【人生】「おかまり」の思い出
最近、よく聞くようになった「人生100年」という言葉。
これは長寿化を意味していますが、健康年齢も長くいられるよう、食、運動、知的活動、多くの情報が溢れています。
この人生100年時代において、昔と変わらぬ時間が流れているかのような人たちに出会いました。
昔と変わらぬ、といってもテレビで見るような人は少ないながらも温かな田舎に流れるゆったりとした時間とは異なります。
情報量も環境も、おそらくここ何十年も変わっていないであろう北海道の東の端で、寒さと海風の中で一生懸命生きてきた人の時間の話です。
人生をとてもシンプルに捉えていました。
今回は、このことについて書きたいと思います。
私がたまに訪れることになった納沙布岬。北方領土が見える場所です。
ここに8人兄姉の末っ子に生れた人がいました。
その人が2才の時に、船乗りの父親が海で亡くなりました。
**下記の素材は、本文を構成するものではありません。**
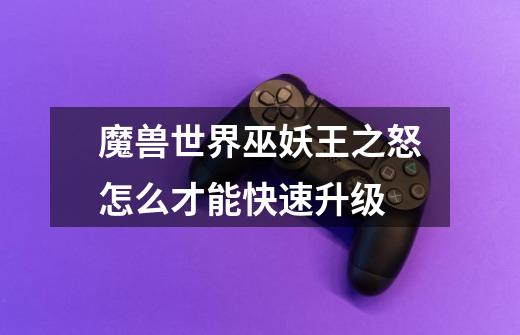魔兽世界巫妖王之怒怎么才能快速升级-第1张-游戏信息-龙启网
それから母親はひたすら苦労して全員を育てました。
この人のひとつ上の姉は小学生のときに捻挫をしました。しかし女手ひとつで子供を育てている母親に心配をかけられないと、捻挫のことは誰にも打ち明けられなかったそうです。その後、骨が変形し普通には歩けなくなりました。
その姿が不恰好でお嫁に行けないだろうと、兄弟たちはお金を出しあい、洋裁を習わせ自立できるよう彼女を育てました。
しかし、彼女の妹(この話の張本人)だけは、このことにより、幼い頃から耐えることを自然と強いられるようになりました。
この人は、幼い頃から姉の面倒を見ながら、家計を助けるために「おかまり」をしていました。方言で、アルバイトやお手伝いという意味のようです。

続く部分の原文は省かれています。